What you will do:
Starting with the line containing "Toyota Corolla 2021" and going on through the line containing "Zwart Gebruikt 2020", return the lines of the data below exactly, and only those.
****************
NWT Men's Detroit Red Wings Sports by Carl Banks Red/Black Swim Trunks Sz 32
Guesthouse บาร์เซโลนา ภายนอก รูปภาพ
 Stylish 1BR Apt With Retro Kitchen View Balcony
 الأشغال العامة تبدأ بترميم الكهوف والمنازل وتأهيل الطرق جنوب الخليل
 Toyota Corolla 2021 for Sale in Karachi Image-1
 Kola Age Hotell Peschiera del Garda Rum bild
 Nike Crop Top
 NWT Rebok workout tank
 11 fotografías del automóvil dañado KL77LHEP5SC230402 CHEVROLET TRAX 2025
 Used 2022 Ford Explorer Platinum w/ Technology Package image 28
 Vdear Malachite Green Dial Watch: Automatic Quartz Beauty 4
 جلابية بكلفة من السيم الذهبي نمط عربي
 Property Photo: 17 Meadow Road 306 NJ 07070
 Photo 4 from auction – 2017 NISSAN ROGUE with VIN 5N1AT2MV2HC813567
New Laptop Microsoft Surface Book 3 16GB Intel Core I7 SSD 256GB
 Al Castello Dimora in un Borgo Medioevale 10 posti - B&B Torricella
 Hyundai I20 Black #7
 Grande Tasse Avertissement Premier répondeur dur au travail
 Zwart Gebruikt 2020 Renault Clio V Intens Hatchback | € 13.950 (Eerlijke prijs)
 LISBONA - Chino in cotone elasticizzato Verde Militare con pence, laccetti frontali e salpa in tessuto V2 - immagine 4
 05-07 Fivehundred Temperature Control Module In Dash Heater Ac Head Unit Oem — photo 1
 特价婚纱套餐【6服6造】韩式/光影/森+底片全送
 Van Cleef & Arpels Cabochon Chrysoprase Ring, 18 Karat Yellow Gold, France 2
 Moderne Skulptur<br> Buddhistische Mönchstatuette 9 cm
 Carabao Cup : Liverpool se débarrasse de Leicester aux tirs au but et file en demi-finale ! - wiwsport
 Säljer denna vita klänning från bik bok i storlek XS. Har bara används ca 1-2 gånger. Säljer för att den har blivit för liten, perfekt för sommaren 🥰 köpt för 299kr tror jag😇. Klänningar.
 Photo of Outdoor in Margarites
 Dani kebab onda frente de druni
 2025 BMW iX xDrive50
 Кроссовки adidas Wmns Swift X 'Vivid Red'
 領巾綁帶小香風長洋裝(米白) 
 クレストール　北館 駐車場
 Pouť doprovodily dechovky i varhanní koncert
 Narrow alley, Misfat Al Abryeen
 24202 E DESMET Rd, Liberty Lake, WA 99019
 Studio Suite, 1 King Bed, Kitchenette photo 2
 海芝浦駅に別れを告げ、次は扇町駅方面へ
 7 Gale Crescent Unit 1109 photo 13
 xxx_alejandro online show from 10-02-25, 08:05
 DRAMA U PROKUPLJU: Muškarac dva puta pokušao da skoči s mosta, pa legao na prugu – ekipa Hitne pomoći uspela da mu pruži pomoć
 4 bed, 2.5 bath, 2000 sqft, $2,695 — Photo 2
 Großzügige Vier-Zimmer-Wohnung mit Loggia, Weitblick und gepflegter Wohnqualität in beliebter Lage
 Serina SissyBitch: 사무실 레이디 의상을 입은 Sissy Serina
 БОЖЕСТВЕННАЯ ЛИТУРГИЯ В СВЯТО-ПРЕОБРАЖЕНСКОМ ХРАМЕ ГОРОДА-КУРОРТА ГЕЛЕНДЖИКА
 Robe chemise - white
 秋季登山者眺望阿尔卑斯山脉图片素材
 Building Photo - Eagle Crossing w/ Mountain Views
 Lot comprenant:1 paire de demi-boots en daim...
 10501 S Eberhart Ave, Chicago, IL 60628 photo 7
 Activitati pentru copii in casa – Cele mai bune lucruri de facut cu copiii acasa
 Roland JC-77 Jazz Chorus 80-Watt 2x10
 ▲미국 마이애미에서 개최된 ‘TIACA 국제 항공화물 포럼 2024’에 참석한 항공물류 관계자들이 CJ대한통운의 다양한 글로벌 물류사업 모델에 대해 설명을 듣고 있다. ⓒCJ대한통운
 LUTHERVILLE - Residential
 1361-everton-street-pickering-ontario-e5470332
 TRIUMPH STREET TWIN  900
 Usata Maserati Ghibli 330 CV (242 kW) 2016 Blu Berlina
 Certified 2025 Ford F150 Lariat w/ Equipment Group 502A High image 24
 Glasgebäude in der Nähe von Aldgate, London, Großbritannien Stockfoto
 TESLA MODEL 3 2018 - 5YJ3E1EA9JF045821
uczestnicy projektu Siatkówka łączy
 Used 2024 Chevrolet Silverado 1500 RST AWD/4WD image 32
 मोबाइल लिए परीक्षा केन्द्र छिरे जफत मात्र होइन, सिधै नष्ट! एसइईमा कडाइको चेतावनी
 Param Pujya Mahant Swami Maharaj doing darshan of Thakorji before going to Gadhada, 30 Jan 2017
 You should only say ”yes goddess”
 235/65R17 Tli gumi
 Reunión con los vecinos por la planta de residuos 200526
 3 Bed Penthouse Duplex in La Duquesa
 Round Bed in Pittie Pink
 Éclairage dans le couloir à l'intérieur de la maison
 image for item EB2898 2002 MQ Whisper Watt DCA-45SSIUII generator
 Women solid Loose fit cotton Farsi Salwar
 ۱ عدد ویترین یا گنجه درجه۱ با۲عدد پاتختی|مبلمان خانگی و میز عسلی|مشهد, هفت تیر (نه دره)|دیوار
****************
Your response:
 Toyota Corolla 2021 for Sale in Karachi Image-1
 Kola Age Hotell Peschiera del Garda Rum bild
 Nike Crop Top
 NWT Rebok workout tank
 11 fotografías del automóvil dañado KL77LHEP5SC230402 CHEVROLET TRAX 2025
 Used 2022 Ford Explorer Platinum w/ Technology Package image 28
 Vdear Malachite Green Dial Watch: Automatic Quartz Beauty 4
 جلابية بكلفة من السيم الذهبي نمط عربي
 Property Photo: 17 Meadow Road 306 NJ 07070
 Photo 4 from auction – 2017 NISSAN ROGUE with VIN 5N1AT2MV2HC813567
New Laptop Microsoft Surface Book 3 16GB Intel Core I7 SSD 256GB
 Al Castello Dimora in un Borgo Medioevale 10 posti - B&B Torricella
 Hyundai I20 Black #7
 Grande Tasse Avertissement Premier répondeur dur au travail
 Zwart Gebruikt 2020 Renault Clio V Intens Hatchback | € 13.950 (Eerlijke prijs)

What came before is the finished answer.